INFORMATION GIVEN:

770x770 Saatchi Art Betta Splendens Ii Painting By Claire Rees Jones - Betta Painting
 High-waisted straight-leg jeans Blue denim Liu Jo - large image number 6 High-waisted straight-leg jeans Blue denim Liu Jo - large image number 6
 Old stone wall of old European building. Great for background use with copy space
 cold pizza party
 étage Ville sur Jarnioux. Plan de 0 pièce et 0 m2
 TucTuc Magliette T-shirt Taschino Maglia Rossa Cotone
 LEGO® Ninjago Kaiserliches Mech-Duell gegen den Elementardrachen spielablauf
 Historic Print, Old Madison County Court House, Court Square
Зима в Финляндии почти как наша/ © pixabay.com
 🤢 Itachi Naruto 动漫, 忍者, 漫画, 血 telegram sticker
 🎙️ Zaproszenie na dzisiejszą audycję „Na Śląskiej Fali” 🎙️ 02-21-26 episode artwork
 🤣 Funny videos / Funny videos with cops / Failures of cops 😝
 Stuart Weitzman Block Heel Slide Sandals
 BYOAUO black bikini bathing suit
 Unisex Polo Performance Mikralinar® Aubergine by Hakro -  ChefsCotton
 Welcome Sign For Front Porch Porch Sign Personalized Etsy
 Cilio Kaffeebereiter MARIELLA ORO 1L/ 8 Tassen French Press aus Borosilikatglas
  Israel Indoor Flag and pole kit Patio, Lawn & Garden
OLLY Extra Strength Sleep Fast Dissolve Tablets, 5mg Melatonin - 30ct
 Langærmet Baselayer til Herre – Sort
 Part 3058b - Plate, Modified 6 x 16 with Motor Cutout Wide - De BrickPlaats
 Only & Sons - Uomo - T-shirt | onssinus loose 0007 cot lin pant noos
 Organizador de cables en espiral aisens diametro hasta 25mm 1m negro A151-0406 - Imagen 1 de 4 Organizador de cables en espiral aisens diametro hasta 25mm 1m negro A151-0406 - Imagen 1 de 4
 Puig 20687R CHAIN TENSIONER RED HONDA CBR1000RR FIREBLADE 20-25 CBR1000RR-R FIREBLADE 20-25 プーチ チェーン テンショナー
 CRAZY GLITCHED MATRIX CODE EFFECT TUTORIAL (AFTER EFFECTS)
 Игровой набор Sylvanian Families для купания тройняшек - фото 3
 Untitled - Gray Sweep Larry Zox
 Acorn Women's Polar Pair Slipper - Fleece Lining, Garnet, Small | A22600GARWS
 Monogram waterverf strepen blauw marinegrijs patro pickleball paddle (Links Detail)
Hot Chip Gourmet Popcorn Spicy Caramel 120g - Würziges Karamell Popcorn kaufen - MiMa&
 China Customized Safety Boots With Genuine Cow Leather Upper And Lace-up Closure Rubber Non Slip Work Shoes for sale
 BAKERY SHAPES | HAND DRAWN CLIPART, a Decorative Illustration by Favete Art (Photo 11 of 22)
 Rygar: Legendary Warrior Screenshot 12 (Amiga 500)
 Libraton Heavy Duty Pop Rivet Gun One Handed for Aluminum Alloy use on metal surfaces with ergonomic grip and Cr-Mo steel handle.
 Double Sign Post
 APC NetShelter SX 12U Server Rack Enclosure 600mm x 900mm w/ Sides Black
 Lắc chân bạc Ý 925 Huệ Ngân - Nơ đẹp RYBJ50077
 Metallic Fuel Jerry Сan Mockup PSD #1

TASK OBJECTIVE: Please copy the lines in the records above between the one holding "Зима в Финляндии" and the one holding "Hot Chip Gourmet", inclusive, exactly and with no other line.

RESULT FOR THIS TASK:
Зима в Финляндии почти как наша/ © pixabay.com
 🤢 Itachi Naruto 动漫, 忍者, 漫画, 血 telegram sticker
 🎙️ Zaproszenie na dzisiejszą audycję „Na Śląskiej Fali” 🎙️ 02-21-26 episode artwork
 🤣 Funny videos / Funny videos with cops / Failures of cops 😝
 Stuart Weitzman Block Heel Slide Sandals
 BYOAUO black bikini bathing suit
 Unisex Polo Performance Mikralinar® Aubergine by Hakro -  ChefsCotton
 Welcome Sign For Front Porch Porch Sign Personalized Etsy
 Cilio Kaffeebereiter MARIELLA ORO 1L/ 8 Tassen French Press aus Borosilikatglas
  Israel Indoor Flag and pole kit Patio, Lawn & Garden
OLLY Extra Strength Sleep Fast Dissolve Tablets, 5mg Melatonin - 30ct
 Langærmet Baselayer til Herre – Sort
 Part 3058b - Plate, Modified 6 x 16 with Motor Cutout Wide - De BrickPlaats
 Only & Sons - Uomo - T-shirt | onssinus loose 0007 cot lin pant noos
 Organizador de cables en espiral aisens diametro hasta 25mm 1m negro A151-0406 - Imagen 1 de 4 Organizador de cables en espiral aisens diametro hasta 25mm 1m negro A151-0406 - Imagen 1 de 4
 Puig 20687R CHAIN TENSIONER RED HONDA CBR1000RR FIREBLADE 20-25 CBR1000RR-R FIREBLADE 20-25 プーチ チェーン テンショナー
 CRAZY GLITCHED MATRIX CODE EFFECT TUTORIAL (AFTER EFFECTS)
 Игровой набор Sylvanian Families для купания тройняшек - фото 3
 Untitled - Gray Sweep Larry Zox
 Acorn Women's Polar Pair Slipper - Fleece Lining, Garnet, Small | A22600GARWS
 Monogram waterverf strepen blauw marinegrijs patro pickleball paddle (Links Detail)
Hot Chip Gourmet Popcorn Spicy Caramel 120g - Würziges Karamell Popcorn kaufen - MiMa&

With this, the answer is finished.